Morocco is unlike any other place, and nowhere makes that clearer than Marrakech: a city shaped by centuries of trade, scholarship, and craftsmanship that makes a total claim on the senses from the first moment. Essaouira, three hours west on the Atlantic coast, is its quieter counterpart: a UNESCO-listed port town where trade winds come off the sea, the ramparts are painted white and blue, and the pace drops to something close to ease. Few contrasts in North African travel are as satisfying or as well-matched.

This eight-day trip travels between the two cities, with an overnight in the High Atlas Mountains.

In Marrakech, you’ll stay at Riad Capaldi, an authentically restored seven-room riad in the heart of the medina, before spending a night at Kasbah Tamadot: Sir Richard Branson’s three-Michelin-starred retreat in the Atlas foothills, an hour south of the city. In Essaouira, L’Heure Bleue Palais, a Relais & Châteaux property built into a restored 18th-century palace on the medina walls, provides the coastal base.

The trip closes with two nights at La Mamounia Palace, a send-off of real grandeur that puts the full journey in perspective.

Many LGBTQ+ travelers have visited Morocco for decades and found it a surprisingly open place, particularly in cities where international guests are part of the fabric of daily life.

In detail

? Don't forget that most of our itineraries can be totally customized. Our expert team will be able to talk you through all the options.

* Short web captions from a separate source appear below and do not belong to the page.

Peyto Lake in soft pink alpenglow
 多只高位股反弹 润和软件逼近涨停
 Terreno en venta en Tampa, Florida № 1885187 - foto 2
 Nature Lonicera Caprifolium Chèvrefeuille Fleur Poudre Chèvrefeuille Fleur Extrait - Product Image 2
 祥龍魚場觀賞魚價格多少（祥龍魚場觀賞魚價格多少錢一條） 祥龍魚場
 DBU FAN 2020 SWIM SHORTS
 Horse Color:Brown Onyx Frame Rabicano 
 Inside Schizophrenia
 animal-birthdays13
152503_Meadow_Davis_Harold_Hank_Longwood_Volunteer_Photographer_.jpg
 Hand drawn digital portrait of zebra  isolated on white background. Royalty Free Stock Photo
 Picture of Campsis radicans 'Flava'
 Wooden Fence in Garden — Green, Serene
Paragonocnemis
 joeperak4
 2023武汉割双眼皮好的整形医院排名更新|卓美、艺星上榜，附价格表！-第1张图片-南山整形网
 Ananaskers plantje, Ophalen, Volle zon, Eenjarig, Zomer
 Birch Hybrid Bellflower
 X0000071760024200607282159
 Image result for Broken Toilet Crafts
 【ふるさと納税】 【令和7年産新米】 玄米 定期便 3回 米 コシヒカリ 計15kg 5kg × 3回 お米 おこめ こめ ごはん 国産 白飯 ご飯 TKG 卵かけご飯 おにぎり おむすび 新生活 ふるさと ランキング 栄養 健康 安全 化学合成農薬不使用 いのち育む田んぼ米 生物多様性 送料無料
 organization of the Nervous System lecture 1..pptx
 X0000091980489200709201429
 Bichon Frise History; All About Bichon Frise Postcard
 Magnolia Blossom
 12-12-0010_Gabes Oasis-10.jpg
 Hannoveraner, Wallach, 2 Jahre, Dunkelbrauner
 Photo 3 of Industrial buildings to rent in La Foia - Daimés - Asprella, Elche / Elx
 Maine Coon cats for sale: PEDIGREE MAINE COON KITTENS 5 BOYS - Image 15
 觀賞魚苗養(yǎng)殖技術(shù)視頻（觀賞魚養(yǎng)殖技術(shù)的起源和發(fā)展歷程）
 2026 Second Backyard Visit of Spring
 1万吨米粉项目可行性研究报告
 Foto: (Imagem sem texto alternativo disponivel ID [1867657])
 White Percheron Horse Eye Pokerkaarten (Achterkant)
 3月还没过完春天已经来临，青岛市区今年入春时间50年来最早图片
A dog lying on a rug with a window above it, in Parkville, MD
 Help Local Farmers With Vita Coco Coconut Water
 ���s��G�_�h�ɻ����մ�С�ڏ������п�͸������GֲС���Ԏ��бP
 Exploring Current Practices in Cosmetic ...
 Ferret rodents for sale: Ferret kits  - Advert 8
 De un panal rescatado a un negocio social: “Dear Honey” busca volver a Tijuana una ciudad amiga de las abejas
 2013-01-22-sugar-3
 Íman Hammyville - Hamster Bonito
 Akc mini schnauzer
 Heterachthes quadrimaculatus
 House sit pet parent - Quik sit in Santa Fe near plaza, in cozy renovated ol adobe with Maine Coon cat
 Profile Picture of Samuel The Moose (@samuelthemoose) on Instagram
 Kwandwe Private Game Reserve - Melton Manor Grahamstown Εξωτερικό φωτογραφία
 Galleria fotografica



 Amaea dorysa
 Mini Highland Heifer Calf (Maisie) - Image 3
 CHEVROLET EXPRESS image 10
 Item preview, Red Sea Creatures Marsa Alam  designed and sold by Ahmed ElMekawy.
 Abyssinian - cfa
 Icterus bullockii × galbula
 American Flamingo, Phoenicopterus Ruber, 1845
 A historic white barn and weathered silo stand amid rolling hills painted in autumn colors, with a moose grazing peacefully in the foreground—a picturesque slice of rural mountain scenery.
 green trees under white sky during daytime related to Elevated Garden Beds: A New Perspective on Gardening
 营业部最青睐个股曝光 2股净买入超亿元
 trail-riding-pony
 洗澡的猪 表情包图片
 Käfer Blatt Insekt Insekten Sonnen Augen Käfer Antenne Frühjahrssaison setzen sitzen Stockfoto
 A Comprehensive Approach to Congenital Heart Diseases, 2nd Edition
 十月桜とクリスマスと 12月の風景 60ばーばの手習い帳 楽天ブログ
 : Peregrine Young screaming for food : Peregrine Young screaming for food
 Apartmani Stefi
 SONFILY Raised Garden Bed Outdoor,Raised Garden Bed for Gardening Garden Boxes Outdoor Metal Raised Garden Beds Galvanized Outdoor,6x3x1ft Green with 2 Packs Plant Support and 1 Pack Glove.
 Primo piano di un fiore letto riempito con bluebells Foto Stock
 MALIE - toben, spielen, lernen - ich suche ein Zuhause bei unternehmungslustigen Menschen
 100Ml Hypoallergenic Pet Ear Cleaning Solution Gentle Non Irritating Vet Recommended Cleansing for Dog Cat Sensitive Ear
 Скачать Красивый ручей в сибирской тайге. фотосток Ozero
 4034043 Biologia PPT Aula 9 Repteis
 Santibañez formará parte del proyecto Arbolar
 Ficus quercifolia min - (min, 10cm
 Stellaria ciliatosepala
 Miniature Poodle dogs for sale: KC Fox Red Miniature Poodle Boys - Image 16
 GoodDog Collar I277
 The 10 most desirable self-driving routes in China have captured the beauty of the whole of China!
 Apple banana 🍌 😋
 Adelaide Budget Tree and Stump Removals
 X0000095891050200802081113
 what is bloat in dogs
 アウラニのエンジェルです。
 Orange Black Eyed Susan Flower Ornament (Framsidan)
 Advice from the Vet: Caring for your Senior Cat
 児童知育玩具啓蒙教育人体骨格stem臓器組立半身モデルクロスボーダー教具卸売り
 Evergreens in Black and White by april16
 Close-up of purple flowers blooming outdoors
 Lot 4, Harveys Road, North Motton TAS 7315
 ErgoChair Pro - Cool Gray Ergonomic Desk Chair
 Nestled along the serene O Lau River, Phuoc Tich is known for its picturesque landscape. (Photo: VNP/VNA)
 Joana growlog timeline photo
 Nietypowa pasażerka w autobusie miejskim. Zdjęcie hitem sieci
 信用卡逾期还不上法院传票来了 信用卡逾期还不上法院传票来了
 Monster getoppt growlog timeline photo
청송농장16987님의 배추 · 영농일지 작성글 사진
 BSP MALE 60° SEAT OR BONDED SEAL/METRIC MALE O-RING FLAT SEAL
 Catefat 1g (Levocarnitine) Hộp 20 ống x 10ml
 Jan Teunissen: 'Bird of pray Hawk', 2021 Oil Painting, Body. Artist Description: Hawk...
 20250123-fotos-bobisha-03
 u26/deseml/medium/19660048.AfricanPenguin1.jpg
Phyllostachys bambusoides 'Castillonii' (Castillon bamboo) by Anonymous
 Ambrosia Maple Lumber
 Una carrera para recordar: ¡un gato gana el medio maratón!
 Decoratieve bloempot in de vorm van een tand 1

Day 1: Arrive in Marrakech | Riad Capaldi

A private transfer from Marrakech Menara Airport delivers you to the medina, a 10-minute drive that crosses into a different world at the city gates.

Riad Capaldi sits near Medersa Ben Youssef, close enough to the souks to feel the city’s energy and far enough inside the old walls to leave it behind when the door closes. Seven rooms and suites, each individually decorated with Moroccan antiques and hand-woven textiles, are arranged around a central courtyard with a plunge pool. Your day here begins with a rooftop breakfast in the morning sun.

The evening is yours. The riad team can recommend where to eat or arrange a reservation at one of the medina’s better tables. The souks are best approached at dusk, when the light shifts and the pace of trade slows slightly into something more navigable.

Day 1: Arrive in Marrakech | Riad Capaldi

Days 2–3: Explore Marrakech | Riad Capaldi

Two full days to move through Marrakech at whatever pace suits you.

Jardin Majorelle, the cobalt-blue botanical garden created by French painter Jacques Majorelle and later restored by Yves Saint Laurent, earns a full, unhurried morning.

The YSL Museum next door is one of the more considered fashion institutions in the region and, for LGBTQ+ travelers, carries an additional resonance: Saint Laurent lived openly in Marrakech for much of his adult life, and the garden and museum stand as a quiet, lasting expression of that.

The Bahia Palace and Saadian Tombs are well worth the afternoon, when the main sites thin out and the light softens.

The souks around Rahba Lakdima and the Mellah are best explored without a fixed plan. Spice merchants, leather workers, weavers, and coppersmiths operate much as they have for centuries, and a private guide arranged through the riad opens up workshops and ateliers that don’t appear on any map.

Set aside one afternoon for the hammam. A private treatment at one of Marrakech’s better bathhouses, a traditional black soap scrub followed by steam and massage, functions as both ritual and reset after the sensory intensity of the medina.

Evenings here are best spent at a leisurely pace: a cocktail on a rooftop, dinner at a candlelit riad restaurant, the call to prayer drifting across the city as the sky turns deep blue.

Days 2–3: Explore Marrakech | Riad Capaldi

Day 4: Atlas Mountains | Kasbah Tamadot

A private car heads south through the Oukaimeden foothills toward the High Atlas mountains. The shift is abrupt and welcome: terracotta walls replace pink city plaster, mountain villages appear along the valley road, and Kasbah Tamadot emerges on a hillside above the Asni valley with views that reach toward Mount Toubkal, the highest peak in North Africa.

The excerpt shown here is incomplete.